Precious memories

My cousin Dennis was born September 9, 1937, the first of six children born to Art and Katherine Goodnough. His wife called last week to tell us that his children were planning a surprise birthday party for him for his 80th birthday, last Saturday. Could we come?

I thought about it briefly, maybe half a second, and said “Of course, we’ll be there.” I had been thinking of this momentous occasion coming up, had bought a card and was wondering how or when to deliver it. Saturday we made the two and a half hour drive to Moose Jaw and joined 50 others, family and friends, to celebrate Dennis’s 80 years.

All of Dennis’s brothers came, from Ontario, Saskatchewan, Alberta and BC. His sister lives in Portugal and didn’t make it. Four of his five children were there, two live in Moose Jaw, one in Alberta, one in BC and the one missing was out of the country on a business trip.

Uncle Art was my father’s brother, Aunt Katherine my mother’s sister. Our two families have always been close. Everything his brothers said about Dennis was completely familiar. None of us has ever seen him get angry, nor have we ever seen him violate a traffic law. Richard told how Dennis would always use his signal lights before making a turn, even if he was out in the middle of a 100 acre field or a thousand acre pasture.

He was always interested in others. Whenever you talked to him, his first questions were about your family. He never wanted to hurt anyone’s feelings.
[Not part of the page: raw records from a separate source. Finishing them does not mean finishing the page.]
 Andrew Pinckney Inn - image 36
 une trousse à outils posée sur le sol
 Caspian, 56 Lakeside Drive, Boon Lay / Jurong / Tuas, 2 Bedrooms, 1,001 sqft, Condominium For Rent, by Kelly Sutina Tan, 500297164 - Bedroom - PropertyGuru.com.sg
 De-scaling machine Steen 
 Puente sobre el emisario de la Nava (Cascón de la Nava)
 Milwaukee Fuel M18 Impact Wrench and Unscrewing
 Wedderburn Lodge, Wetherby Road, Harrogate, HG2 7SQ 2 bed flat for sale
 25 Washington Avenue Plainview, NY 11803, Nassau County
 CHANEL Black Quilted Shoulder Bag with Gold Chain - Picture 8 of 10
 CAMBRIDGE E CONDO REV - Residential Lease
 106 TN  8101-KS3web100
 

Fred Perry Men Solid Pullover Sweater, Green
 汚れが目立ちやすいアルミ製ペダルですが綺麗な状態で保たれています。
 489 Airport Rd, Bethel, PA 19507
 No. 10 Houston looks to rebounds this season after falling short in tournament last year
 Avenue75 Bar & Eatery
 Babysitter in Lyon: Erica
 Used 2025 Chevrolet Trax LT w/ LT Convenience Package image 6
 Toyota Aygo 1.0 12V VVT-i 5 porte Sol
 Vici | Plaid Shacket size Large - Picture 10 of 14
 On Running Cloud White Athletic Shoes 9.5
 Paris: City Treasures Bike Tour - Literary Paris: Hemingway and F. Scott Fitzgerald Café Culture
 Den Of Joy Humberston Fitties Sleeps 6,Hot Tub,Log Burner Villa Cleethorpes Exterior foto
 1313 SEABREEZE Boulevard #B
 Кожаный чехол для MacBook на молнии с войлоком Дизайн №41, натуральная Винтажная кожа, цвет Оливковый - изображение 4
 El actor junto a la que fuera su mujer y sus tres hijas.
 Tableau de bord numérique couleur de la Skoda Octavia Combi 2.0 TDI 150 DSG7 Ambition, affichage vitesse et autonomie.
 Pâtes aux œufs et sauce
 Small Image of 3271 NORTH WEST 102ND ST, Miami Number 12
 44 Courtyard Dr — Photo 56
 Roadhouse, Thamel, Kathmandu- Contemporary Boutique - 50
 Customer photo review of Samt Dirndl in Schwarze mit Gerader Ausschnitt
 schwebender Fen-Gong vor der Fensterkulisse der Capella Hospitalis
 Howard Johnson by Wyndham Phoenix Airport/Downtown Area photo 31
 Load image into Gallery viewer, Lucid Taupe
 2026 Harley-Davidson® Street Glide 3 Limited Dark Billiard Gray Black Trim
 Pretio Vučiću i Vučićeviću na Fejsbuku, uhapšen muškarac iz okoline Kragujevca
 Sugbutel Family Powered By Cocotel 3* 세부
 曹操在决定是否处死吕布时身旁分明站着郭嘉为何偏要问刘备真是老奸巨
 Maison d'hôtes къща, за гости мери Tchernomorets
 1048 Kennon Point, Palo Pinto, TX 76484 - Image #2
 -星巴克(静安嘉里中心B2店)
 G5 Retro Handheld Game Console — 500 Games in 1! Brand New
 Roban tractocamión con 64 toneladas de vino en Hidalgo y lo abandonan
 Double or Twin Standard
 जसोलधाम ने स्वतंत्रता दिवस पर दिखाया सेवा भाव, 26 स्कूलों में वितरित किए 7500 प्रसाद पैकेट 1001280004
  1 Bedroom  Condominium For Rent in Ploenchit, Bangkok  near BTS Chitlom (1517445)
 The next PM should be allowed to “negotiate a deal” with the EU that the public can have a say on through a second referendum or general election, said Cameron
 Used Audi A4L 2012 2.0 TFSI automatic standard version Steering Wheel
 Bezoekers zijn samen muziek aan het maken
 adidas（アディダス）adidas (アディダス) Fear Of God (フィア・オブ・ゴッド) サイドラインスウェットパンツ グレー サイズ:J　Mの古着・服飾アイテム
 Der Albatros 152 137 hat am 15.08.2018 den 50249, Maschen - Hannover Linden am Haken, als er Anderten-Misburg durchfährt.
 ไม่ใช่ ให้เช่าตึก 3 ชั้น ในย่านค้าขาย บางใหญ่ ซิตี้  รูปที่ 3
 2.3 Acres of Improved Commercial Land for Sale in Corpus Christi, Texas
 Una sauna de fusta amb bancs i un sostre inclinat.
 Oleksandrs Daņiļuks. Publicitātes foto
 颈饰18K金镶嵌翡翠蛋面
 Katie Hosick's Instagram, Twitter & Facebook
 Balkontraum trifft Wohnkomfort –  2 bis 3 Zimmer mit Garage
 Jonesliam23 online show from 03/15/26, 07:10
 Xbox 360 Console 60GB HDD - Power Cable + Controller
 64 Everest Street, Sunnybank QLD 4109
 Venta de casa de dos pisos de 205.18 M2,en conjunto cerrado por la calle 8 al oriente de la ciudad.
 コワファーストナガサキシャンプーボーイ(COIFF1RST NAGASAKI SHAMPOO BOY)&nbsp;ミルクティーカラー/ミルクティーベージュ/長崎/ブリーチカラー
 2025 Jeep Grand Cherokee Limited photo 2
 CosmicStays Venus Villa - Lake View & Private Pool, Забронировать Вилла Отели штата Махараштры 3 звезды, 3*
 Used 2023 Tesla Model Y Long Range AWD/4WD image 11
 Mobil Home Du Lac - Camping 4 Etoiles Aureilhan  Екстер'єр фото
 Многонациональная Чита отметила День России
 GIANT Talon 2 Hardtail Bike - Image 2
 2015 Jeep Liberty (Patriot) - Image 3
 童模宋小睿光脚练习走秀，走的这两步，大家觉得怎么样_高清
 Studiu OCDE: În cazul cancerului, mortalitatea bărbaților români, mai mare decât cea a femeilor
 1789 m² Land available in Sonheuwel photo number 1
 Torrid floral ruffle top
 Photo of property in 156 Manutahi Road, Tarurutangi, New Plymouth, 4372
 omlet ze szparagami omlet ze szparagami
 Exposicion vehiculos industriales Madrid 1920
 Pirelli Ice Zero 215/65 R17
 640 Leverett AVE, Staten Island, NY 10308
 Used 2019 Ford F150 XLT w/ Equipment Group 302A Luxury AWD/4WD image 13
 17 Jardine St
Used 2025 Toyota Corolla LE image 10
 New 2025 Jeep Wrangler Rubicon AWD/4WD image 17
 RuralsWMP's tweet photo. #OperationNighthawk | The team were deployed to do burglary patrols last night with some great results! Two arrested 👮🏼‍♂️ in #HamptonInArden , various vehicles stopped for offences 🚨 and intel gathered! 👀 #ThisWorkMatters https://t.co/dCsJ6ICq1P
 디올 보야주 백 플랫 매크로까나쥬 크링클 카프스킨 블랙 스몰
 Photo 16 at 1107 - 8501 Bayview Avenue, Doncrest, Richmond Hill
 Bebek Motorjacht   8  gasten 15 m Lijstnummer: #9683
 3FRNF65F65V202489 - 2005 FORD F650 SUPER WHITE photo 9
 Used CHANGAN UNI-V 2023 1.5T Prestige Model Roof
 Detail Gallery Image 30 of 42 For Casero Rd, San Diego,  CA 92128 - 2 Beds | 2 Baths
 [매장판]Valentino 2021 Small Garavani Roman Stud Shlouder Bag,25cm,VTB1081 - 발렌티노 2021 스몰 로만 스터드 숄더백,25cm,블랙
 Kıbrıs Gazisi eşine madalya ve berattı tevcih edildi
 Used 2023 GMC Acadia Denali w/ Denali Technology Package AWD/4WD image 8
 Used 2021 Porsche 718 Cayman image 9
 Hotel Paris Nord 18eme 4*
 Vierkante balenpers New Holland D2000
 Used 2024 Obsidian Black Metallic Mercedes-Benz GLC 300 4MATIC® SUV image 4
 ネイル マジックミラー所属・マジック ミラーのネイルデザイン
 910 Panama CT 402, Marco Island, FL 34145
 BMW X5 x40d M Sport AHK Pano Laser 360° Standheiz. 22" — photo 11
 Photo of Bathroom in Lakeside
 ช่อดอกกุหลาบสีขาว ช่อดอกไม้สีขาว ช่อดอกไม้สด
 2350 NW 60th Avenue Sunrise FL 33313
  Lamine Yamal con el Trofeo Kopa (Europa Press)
Stan, 15 years younger, told of encountering a kangaroo on his big brother’s farm when he was just a little lad. He told Dennis about the kangaroo and Dennis said, “Well, it might have been something else that looked a lot like a kangaroo.” Some time later Stan figured out that it had been a jackrabbit.

His patience was his great strength, but at times it looked like a weakness. Jason, his youngest son, told of how his Dad taught them the importance of cleanliness and also modelled it for them. One time the family was ready to get in the car to go somewhere, they were already 20 minutes late, but Dad decided he had to have a shower first.

Jason also told of how his Dad had been a good teacher. He didn’t get angry when they didn’t do as they had been taught, but relations could get rather cool for a while. Ted, the brother next after Dennis in the family, picked up on that and said that had come from their mother. When he did something wrong his mother wouldn’t speak to him for days. Finally he would get so desperate that he would do anything, wash dishes, scrub floors, to get her to talk to him. Thinking of that later, it seems that Ted would be the one in the family who would have most often incurred this treatment from his mother. He was also the one for whom it was most apt to produce a favourable result.

Joel, Dennis’s oldest grandson and a Pentecostal preacher, was MC for the afternoon. Jeff, Dennis’s oldest son and also a Pentecostal preacher (but of a different denomination), had the prayer for the supper. The Goodnough family is a mixture of Christians of differing persuasions and others who are not Christians. We don’t get together as often as we did when we were younger and lived closer to each other, but there is still something that binds us together. I believe the tie that binds us together, at least for those of us of the older generation, is the influence of our mothers. I am not alone in thinking that, the thought was expressed a number of times on Saturday.